Hervey took a handful. ‘Mm; like barley meal, unsifted.’ Later, the commissaries would issue the same to the troop quartermasters for stables. But he picked out all the prickles and ate the doughboy just the same.
‘Shall you be coming with us, Mr Hervey?’
‘Oh yes,’ he said, very decidedly.
Harris seemed to nod, and Knowles too. ‘Chokey’ Finch arrived with an armful of wood.

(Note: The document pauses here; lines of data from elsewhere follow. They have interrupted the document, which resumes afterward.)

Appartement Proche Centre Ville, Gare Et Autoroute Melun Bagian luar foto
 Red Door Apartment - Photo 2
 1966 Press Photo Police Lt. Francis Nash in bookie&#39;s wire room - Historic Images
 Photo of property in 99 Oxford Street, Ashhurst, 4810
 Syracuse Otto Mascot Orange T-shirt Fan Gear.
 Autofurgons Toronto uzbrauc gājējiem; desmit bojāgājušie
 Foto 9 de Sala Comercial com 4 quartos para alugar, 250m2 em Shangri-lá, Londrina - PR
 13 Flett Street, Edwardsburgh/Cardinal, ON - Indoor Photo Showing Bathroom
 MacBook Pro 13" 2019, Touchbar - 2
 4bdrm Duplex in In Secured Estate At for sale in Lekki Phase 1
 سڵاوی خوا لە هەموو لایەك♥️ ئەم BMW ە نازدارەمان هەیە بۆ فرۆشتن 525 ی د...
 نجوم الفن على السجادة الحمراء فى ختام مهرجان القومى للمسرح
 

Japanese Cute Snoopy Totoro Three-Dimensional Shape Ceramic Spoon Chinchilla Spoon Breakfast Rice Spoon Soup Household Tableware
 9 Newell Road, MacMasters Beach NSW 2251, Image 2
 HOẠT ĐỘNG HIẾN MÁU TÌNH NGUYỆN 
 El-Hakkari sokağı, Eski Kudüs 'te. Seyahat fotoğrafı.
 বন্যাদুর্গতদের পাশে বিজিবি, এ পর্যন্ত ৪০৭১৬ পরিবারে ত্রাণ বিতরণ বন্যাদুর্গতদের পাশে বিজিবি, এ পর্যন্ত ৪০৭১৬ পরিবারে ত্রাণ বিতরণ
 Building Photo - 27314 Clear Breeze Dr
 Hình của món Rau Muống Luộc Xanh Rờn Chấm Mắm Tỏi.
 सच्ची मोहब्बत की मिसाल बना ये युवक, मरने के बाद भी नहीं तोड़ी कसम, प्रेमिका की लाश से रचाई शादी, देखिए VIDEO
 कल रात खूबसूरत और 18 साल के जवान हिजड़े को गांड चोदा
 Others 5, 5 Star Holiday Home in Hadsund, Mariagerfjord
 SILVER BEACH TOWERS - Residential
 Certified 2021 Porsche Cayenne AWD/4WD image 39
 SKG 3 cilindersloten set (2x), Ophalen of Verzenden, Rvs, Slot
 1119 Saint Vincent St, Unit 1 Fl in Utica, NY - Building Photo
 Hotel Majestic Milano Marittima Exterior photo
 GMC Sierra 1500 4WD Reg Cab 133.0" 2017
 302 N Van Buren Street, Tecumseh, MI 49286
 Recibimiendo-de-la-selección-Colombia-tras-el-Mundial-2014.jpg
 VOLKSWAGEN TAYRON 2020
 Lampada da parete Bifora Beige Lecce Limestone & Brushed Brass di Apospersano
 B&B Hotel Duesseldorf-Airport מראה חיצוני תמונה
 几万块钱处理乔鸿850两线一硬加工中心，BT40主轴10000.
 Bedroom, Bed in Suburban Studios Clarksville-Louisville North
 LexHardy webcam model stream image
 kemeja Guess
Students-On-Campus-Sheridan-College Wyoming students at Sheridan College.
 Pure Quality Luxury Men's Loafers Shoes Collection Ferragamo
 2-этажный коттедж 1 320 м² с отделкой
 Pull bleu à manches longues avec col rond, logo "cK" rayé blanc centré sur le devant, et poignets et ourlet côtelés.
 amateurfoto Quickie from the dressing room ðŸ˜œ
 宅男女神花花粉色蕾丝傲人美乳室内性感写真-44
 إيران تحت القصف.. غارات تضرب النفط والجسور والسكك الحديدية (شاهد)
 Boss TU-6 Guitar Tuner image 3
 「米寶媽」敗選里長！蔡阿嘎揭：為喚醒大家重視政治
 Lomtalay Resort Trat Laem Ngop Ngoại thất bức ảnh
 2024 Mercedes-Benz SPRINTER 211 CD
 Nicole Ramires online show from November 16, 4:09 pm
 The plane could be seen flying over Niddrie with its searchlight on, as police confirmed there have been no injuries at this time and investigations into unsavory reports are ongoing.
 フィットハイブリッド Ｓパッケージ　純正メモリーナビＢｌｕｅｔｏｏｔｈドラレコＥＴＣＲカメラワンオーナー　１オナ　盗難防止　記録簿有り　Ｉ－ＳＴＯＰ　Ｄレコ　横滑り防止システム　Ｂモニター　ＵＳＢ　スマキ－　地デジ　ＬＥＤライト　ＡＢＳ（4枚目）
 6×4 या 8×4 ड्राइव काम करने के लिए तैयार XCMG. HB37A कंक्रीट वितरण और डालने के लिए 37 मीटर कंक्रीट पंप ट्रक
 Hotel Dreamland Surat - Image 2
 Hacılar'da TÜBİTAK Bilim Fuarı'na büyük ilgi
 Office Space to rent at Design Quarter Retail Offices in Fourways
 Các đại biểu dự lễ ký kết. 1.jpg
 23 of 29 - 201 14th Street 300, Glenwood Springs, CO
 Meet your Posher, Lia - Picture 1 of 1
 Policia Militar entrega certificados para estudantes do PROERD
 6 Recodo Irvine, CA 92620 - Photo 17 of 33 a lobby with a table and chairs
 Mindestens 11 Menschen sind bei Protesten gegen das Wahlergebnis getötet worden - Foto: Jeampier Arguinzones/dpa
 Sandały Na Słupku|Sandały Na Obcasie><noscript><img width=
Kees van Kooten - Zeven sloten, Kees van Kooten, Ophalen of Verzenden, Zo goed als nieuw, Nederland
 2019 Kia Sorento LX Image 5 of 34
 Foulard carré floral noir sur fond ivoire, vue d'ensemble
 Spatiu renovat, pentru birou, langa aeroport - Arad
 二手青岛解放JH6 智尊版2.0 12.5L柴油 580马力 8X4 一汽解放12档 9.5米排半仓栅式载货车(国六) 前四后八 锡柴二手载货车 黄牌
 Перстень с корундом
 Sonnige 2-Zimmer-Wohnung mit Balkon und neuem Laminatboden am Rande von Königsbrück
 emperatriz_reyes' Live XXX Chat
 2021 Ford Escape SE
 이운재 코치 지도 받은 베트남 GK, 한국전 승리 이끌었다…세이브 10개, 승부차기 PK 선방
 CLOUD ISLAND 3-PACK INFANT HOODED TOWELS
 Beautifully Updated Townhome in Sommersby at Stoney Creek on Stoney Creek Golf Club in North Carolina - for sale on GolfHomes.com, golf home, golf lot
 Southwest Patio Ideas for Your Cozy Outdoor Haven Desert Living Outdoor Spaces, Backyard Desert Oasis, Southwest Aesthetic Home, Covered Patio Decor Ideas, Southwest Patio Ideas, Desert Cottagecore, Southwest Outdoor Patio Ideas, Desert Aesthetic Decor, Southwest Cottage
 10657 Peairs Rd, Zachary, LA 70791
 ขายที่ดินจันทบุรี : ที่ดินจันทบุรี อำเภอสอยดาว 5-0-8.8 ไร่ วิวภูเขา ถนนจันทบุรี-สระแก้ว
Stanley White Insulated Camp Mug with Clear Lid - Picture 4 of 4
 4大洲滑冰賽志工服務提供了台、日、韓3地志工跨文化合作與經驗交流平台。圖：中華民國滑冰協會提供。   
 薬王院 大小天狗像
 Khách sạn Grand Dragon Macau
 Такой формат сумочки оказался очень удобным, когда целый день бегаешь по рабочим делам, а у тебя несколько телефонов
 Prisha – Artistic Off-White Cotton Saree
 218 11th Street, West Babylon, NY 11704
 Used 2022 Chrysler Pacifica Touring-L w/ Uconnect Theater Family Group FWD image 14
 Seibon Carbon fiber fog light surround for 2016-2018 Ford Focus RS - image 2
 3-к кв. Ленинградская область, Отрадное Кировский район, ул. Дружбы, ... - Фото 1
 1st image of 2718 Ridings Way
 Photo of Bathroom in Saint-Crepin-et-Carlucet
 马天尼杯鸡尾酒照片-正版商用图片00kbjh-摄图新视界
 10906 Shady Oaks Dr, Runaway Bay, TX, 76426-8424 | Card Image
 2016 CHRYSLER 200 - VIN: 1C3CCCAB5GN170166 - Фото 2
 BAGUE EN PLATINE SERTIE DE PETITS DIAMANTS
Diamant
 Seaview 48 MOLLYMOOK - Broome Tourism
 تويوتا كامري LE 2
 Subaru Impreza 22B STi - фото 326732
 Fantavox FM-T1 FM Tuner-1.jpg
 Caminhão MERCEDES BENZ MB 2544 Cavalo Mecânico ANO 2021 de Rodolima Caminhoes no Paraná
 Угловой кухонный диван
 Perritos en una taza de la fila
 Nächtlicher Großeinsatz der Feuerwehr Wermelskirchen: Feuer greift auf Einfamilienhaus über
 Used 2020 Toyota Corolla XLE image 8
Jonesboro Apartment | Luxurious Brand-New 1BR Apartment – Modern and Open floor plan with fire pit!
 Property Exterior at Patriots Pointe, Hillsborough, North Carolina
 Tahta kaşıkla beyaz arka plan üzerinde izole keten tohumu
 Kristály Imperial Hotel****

‘A good find, that, Private Finch,’ said Hervey, mindful of how the dragoon had got
‘Ay, sir,’ said Chokey, looking pleased. ‘Serjeant Grady gave it me. He were giving away lots of it. The commissaries bought an ’ouse that no one were livin’ in – all ruined an’ that – and broke it up for firewood.’
Hervey was impressed by the enterprise; the commissary-general’s department had been the butt of much criticism from regimental officers of late.
‘Is everything in order, Mr Hervey, sir?’ came a deep Welsh voice, a touch of anxiety added with careful measure.